Tax credit bonds are a debt instrument where, rather than investors/bondholders receiving periodic interest and principal payments, they receive federal tax credits of up to 100 percent of the interest amount in lieu of or in addition to partial interest payment over the life of the bond and full repayment of principal upon its maturity. Investors apply the tax credits to their federal tax liability. In turn, the borrower is responsible for paying off the principal at maturity (in a balloon payment), which it can do by different means, such as investing a portion of the bond proceeds in Treasury securities sufficient to pay off the principal or otherwise setting aside local revenues over the life of the bond. A technical paper prepared for the National Surface Transportation Policy and Revenue Study Commission estimates the federal subsidy in present value terms for financing of this nature to be 75 percent over a 25-year bond in the case of a 100 percent subsidy. As such, tax credit bonds afford borrowers significant project savings, as their responsibility would only be 25 percent in present value terms. The paper also identifies several other benefits associated with tax credit bonds including:

  • Subsidy Efficiency – because borrowers can receive 100 percent of the financial subsidy, taxable tax credits are more economically efficient than other types of tax incentives
  • Market Discipline – the government does not assume any credit risk and tax credit bonds are only issued when a project is backed by a reliable repayment stream
  • Reduced Administration – the federal government does not manage or oversee the program, as it would with a direct grant or federal loan program
  • Budget Leveraging – tax credits do not require discretionary budget resources; their budgetary cost is amortized over the bond’s term, rather than scored upfront or during a project’s construction period, as is the case for grants

Tax credit bonds have only been available for surface transportation projects during 2009 and 2010 as Build America Bonds authorized under the American Recovery and Reinvestment Act (ARRA). Additional information is available from the FHWA Center for Innovative Finance Support.

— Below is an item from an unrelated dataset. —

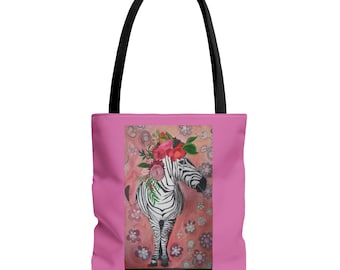 Sacola de compras reutilizável com estampa de zebra, um presente perfeito para amantes de animais.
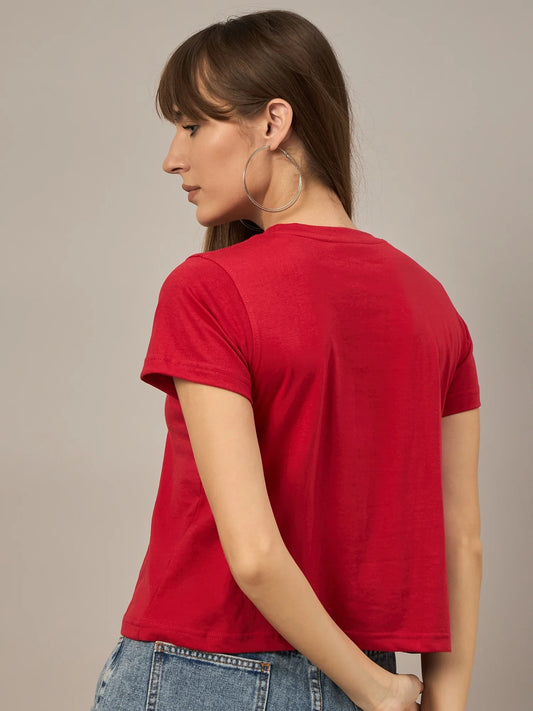 Women Printed Regular Fit T-shirt Red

Grant Anticipation Revenue Vehicles (GARVEEs)

A GARVEE is a designation applied to a debt financing instrument that has a pledge of future Federal-aid for debt service and is authorized for Federal reimbursement of debt service and related financing costs. This financing mechanism generates up front capital for major highway projects that a state may be unable to construct in the near term using traditional pay-as-you-go funding approaches.

States can receive Federal-aid reimbursements for a wide array of debt-related costs incurred in connection with an eligible debt financing instrument, such as a bond, note, certificate, mortgage, or lease; the proceeds of which are used to fund a project eligible for assistance under Title 23. Bond-related costs eligible for Federal-aid reimbursement include interest payments, retirement of principal, and any other cost incidental to the sale of an eligible bond issue. The issuer may be a state, political subdivision, or a public authority.

The use of advance construction or partial conversion of advance construction also facilitates state issuances of GARVEEs. They are generally used in conjunction with advance construction to enable using Federal-aid funds for future debt service payments. The GARVEE bond technique enables a state to accelerate construction timelines and spread the cost of a transportation facility over its useful life rather than just the construction period. The use of GARVEEs serves to expand access to capital markets as an alternative or in addition to potential general obligation or revenue bonding capabilities.

Transit agencies are using similar mechanisms to borrow against future Federal-aid funding. While transit financings are quite similar to the GARVEE type instruments, the transit debt mechanisms are known as Grant Anticipation Notes (GANs).

Additional Information

Additional information on GARVEEs is available from the FHWA Center for Innovative Finance Support:

Grant Anticipation Notes (GANS)

Like highway agencies that utilize GARVEEs, transit agencies can also borrow against future Federal-aid funding. While transit bonding is quite similar to highway bonding, the transit bonds are referred to as GANs. A transit agency issues bonds secured with a pledge of Federal-aid assistance, thus amassing up-front capital, and pays down the bonds over a period of time as the Federal funds are received.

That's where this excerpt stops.